Required action → Consider the data that follows and state how many lines contain the string "Audi", using the number alone.

[Extracted records]
————————

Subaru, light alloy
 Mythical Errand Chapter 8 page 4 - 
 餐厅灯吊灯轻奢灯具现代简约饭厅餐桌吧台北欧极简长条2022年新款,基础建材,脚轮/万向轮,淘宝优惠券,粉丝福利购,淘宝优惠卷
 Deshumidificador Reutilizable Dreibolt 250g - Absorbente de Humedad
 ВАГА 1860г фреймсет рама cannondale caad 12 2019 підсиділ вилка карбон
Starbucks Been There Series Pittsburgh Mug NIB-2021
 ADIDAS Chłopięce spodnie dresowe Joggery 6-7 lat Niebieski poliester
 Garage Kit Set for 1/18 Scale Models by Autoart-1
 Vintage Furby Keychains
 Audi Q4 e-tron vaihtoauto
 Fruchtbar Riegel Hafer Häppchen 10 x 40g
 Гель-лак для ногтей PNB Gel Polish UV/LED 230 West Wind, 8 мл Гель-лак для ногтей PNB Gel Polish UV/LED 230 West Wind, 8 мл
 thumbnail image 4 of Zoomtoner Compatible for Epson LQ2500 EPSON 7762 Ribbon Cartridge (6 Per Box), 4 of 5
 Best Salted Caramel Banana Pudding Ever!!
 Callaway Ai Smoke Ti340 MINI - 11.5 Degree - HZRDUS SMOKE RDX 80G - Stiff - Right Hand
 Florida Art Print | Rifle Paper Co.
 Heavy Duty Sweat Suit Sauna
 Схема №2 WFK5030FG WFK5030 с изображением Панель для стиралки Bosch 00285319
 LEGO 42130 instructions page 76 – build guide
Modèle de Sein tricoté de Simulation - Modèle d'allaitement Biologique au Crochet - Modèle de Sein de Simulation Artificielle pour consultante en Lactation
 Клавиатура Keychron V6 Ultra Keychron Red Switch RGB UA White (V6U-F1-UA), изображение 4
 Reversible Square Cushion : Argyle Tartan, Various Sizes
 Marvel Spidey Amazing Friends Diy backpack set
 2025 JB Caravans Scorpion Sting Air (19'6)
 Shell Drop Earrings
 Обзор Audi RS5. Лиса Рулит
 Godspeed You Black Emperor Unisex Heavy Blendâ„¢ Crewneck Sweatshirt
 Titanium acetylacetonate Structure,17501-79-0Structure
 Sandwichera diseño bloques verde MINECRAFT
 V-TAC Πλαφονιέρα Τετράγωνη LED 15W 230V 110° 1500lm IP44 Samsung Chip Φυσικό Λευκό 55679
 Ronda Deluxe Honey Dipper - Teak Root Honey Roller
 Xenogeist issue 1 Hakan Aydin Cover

————————

Output of the exercise → 2